Each year, I like to look at what stories the mainstream media publish for Lent. The papers that noted Ash Wednesday, such as the Indianapolis Star, Newsday and the Orange County Register, published brief stories about the imposition of ashes.
Others went searching for a creative hook. Agence France Press, for instance, wrote about the Roman Catholic Church in Austria offering an SMS service for the faithful. During each of the 40 days of Lent, those who signed up receive quotes from Pope Benedict XVI.The Telegraph (U.K.) wrote about two Church of England bishops who are calling on parishioners to give up carbon for Lent by avoiding plastic bags, giving the dishwasher a day off, insulating the hot water tank and checking the house for drafts:
Those taking part in the Carbon Fast will be asked to remove one lightbulb from a prominent place in the home and live without it for 40 days. On the final days of the Fast they will be asked to replace it with a low-energy bulb which over its lifetime will save 60kg of carbon dioxide per year and up to
But I thought the best entries were by Ann Rodgers at the Pittsburgh Post-Gazette and K. Connie Kang at the Los Angeles Times. Rodgers’ story is about the Pittsburgh Diocese pushing for a return to the practice of confession. She mentions that the sacrament is also available in the Eastern, Episcopal and Lutheran churches.
After the Rev. Thomas Burke says Mass at St. Paul Cathedral, he enters his reconciliation room to hear confession and offer absolution. Penitents can kneel before a stained glass partition so that Father Burke can’t see them, or join him on the other side, seated by a small table with a box of tissues.
Whether it’s called confession or penance or reconciliation, “it’s one of my favorite sacraments,” Father Burke said.
“I try to comfort them and offer hope and healing, and tell them that they shouldn’t beat themselves up. This is not the end of the world. I always give them my business card so they can stay in touch,” he said.
Kang’s story was a nice overview of how Ash Wednesday is being celebrated in the Los Angeles area. But I loved her hook. Many times people justify not covering liturgical seasons on the grounds that it’s not newsworthy. The same feasts, holy days and seasons happen year after year. Well, Kang looked at what was different about Ash Wednesday this year and came up with something that people in my church were discussing.

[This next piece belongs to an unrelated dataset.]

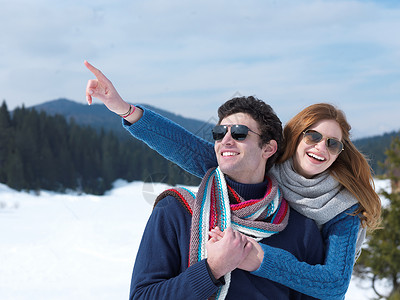 快乐的年轻情侣在冬季假期 新秀上玩得开心 家庭 滑雪背景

It’s early this year:
Easter, the holiest day of the Christian calendar, is observed by much of the Western church on the first Sunday after the first full moon following the equinox.
At Masses and services today, priests and ministers will apply ashes in the sign of a cross — indicating inner repentance — to the foreheads of Christians.
Easter often occurs in April and the word Lent comes from Anglo-Saxon lencten, meaning spring. But this year, because of cycles of the moon, Easter, or Resurrection Day as many prefer, will be observed March 23. The last time it occurred on that date Woodrow Wilson was president. Ash Wednesday in 1913 was Feb. 5, a day earlier than today because this is a leap year, which adds an extra day in the middle of the Lenten season.
So with Christmas decorations barely put away, churches have been gearing up for 40 days of repentance, reflection and fasting.
All in all, some good efforts this year. There’s no reason reporters can’t continue to write about the penitential season of Lent so let us know if you see any other good stories.